La soirée vidéodrome est lancée, les extraits s’enchaînent, espacés seulement de quelques débats et des sorties de scène d’Anne, de Cécile et de moi-même pour rejoindre les toilettes. Le « boudoir », plutôt, puisque c’est le terme qui m’est venu lorsque Anne s’est excusée afin que je me lève pour la laisser passer. Un terme qui restera, je pense…
Anne passe le premier extrait de la soirée : Drôle de frimousse (Stanley Donen, 1957). Fred Astaire et Audrey Hepburn débarquent à Paris. Clichés, cartes postales, Champs-Elysées et Tour Eiffel. La France vue d’Amérique, c’est Napoléon qui joue du musette ! Il n’y a rien de plus authentique que le kitsch.
Je reste dans le thème de l’arrivée en France des ressortissants étrangers, avec Marie-Antoinette (Sofia Coppola, 2006). De l’Autriche à la France en calèche pour une reine en puissance. Vous qui entrez, laissez tout votre passé. Candeur et innocence de l’Autrichienne dépaysée, rigidité de la Comtesse de Noailles, et les fesses de Kirsten Dunst. C’est aussi ça, la France.
Autre extrait de Marie-Antoinette, proposé par Anne : la France, c’est aussi le plaisir des sens. Gourmandise, coquetterie, sucreries et chaussures, jeux d’argent, coiffures façon pièce montée… On ne peut pas dire que cette reine ait la tête sur les épaules…

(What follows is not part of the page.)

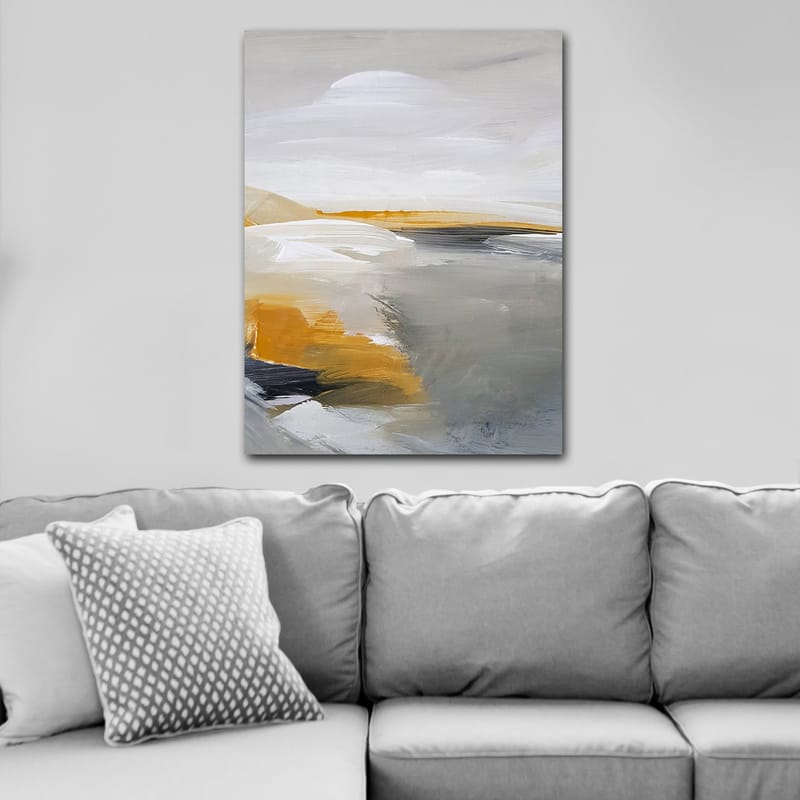 Lærred 70x100 cm - Abstrakt landskab med bløde former og harmoniske farver - Grå / Hvid / Gul-orange - Boligtilbehør - Billeder & kunst - Billeder på lærred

On reste dans l’ambiance avec Cécile et Le Festin de Babette (Gabriel Axel, 1987). Stéphane Audran en ex-communarde exilée au Danemark, qui fait découvrir les fastes de la grande cuisine française à une austère famille luthérienne. Les joues rosissent, les langues se délient, les regards se croisent au-dessus des verres de Veuve Clicquot et des babas au rhum. On pensera au salut de son âme une autre fois…
Jean-Rémi renoue avec le regard de l’étranger égaré en France avec un épisode d’Absolutely Fabulous. Deux Anglaises tombées en Provence comme des perles dans le fumier : téléphones à cadran, béret et gitane maïs. L’Enfer existe et on y parle l’argot avec l’accent du Sud !
Avec L’Âge ingrat (Gilles Grangier, 1964), Jacques-Pierre nous montre un autre voyage en Provence, entrepris par une famille de Normands cette fois. Et le dépaysement n’est pas beaucoup moins violent. Nationale 7, esprit râleur à la française, créneau impossible, mais bonhommie et convivialité : on retourne à table avec Gabin et Fernandel.
Cécile renverse la situation avec Dupont-Lajoie (Yves Boisset, 1974). Jean Carmet en bistrotier haineux, mais fort respectueux de l’uniforme. Nouveau départ en vacances, caravane, embouteillages et voyeurisme sordide. Française, Francisque : je vous ai compris.
Jean-Rémi reste dans le racisme ordinaire avec La graine et le mulet (Abdellatif Kéchiche, 2007). Français issus de l’immigration, familles recomposées, licenciements et nouveaux départs… Avec l’administration française, c’est possible, mais ça va être compliqué. Vous comprenez, ça se passe comme ça, dans notre pays !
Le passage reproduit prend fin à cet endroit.